Britons love to mock their National Health Service — just don't let anyone else poke fun at it.

They particularly resent the British universal health care system being used as a punching bag in the battle against President Barack Obama's proposed reforms.

Conservatives in the United States have relied on horror stories from Britain's system to warn Americans that Obama is trying to impose a socialized health care system that would give the government too much power.

In an interview widely interpreted here as an attack on the U.K., Republican Senator Chuck Grassley of Iowa told a local radio station last week that "countries that have government-run health care" would not have given Sen. Edward Kennedy, who suffers from a brain tumor, the same standard of care as in the U.S. because he is too old.

The superheated debate broadened this week to include renowned physicist Stephen Hawking, a British icon who suffers from motor neurone disease.
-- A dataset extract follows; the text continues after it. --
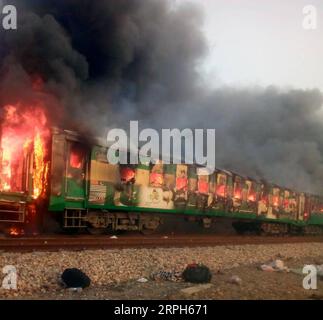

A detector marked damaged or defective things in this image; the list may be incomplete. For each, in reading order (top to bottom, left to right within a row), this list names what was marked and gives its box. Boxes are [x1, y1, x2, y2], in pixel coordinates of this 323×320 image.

charred fabric [0, 118, 323, 238] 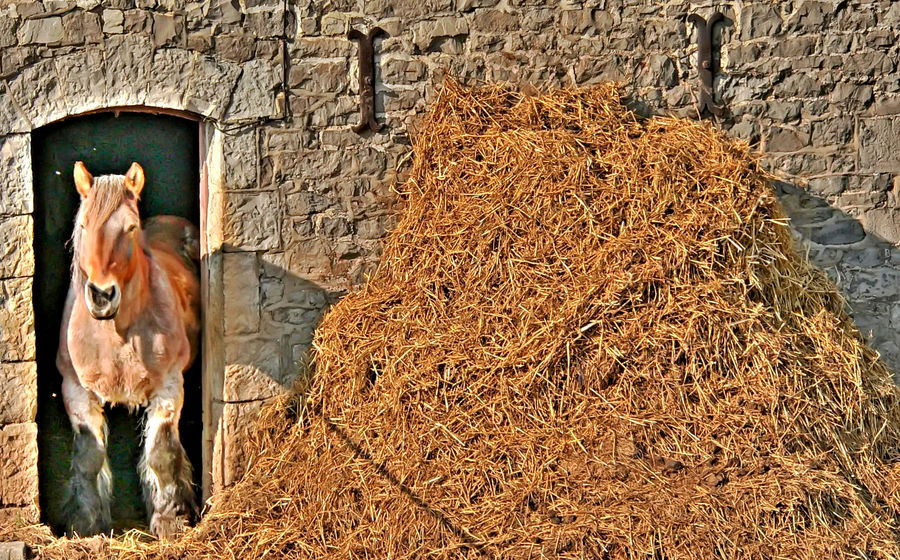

A U.S. newspaper wrote that under the British system Hawking would be allowed to die — an assertion that Hawking said was absurd.

"I wouldn't be here today if it were not for the NHS," Hawking said, joining the ranks of those praising Britain's system.

Britons say the country's universal health care system, which provides free medical care, is far fairer than the current American system.

Behind the criticism is a popular British view that American society represents unbridled capitalism run amok, with catastrophic results for people left behind in the boom times like those of the last two decades.

Business Secretary Peter Mandelson, who is usually pro-American, blasted U.S. health care Friday, suggesting the delivery system is fine for the wealthy but not for the poor.

"If you can't pay, you have a very, very second-rate service or you can't get health service at all," he said.

Britain's left-leaning government has responded to criticism offering selected statistics that show England out performing the U.S. in health spending per capita, life expectancy and more.

Newspapers have jumped in, with the Daily Mirror calling the United States "the land of the fee" because of the way patients are forced to pay for medical services.